Advice already stated is good. I shoot a ton of birds and find that 1/1600s is about as slow as I can shoot and get more sharp than not. Additionally I always use AF-C Dynamic Area AF (usually 153pt for birds in flight with the D500 - you should use 51). This gives you a single point which you can use to focus lock after which the object focused on can move through the frame and remain in focus. Single point AF is useless for a moving subject and almost certainly contributed to your issue.
 

hark

Administrator
Staff member
Super Mod
Contributor
I downloaded your image but still don't see any EXIF. What is your shutter speed and aperture? And did you use AF-C with release?

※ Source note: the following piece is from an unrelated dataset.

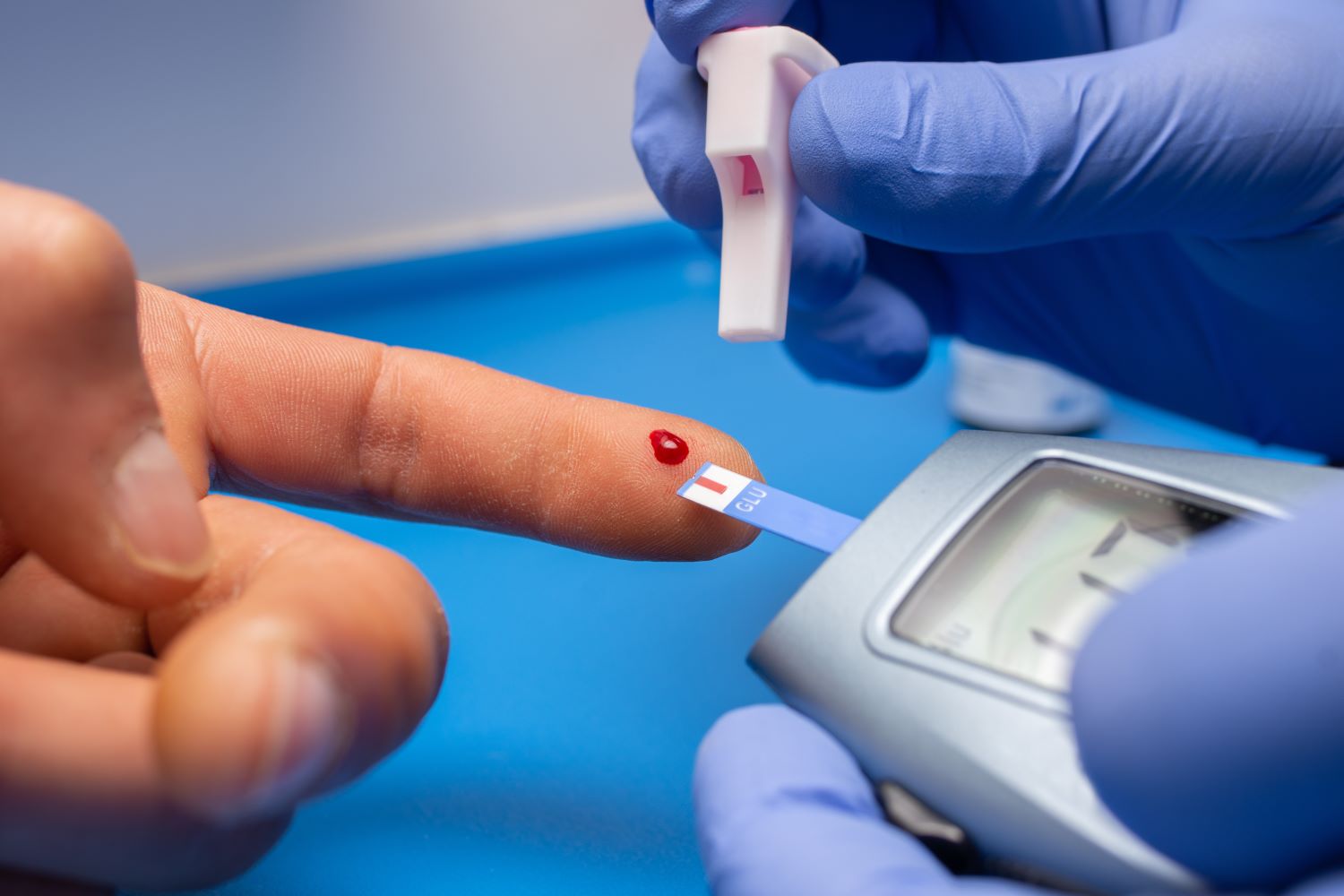 Diabetes screening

I use a D7200 with a 300mm lens and a 1.4x teleconverter. The FX equivalent focal length is 630mm. It simply isn't long enough, but I try to crop when I can.
 

Rick M

Senior Member
As funny as it may seem, I had great success using C-AF facial recognition on wildlife with my previous system, nailed most of my shots of eagles and owls in flight. As soon as I get a long lens, I cant wait to try it with the Z7. I'd find some common targets like seagulls to practice on with the suggestions everyone has made.
 

Smcooper461

Senior Member
Thanks everybody for the advice. I guess I will give back-buttton a try, I just anyways thought half pressing the shutter was simpler. I apologize for the no EXIF, that wasn't intentional. 1/4000,F5.6, 800. 500mm AF-C single point. If I remember correctly? Lol. I just can't believe how out of focus this shot is and some others I've taken. I mean it's very possible that I truly just suck at this lol. I mean that shot I posted, he's not even that far away. Probably 60 or 70 feet directly above just soaring, not flying real fast. Seems to me should be pretty simple shot.
 

BackdoorArts

Senior Member
I'd also add that you're shooting wide open at the long end of a zoom and if there's anywhere it's going to be soft it's there. Stop down to f8 or f9 and it might just sharpen up for you.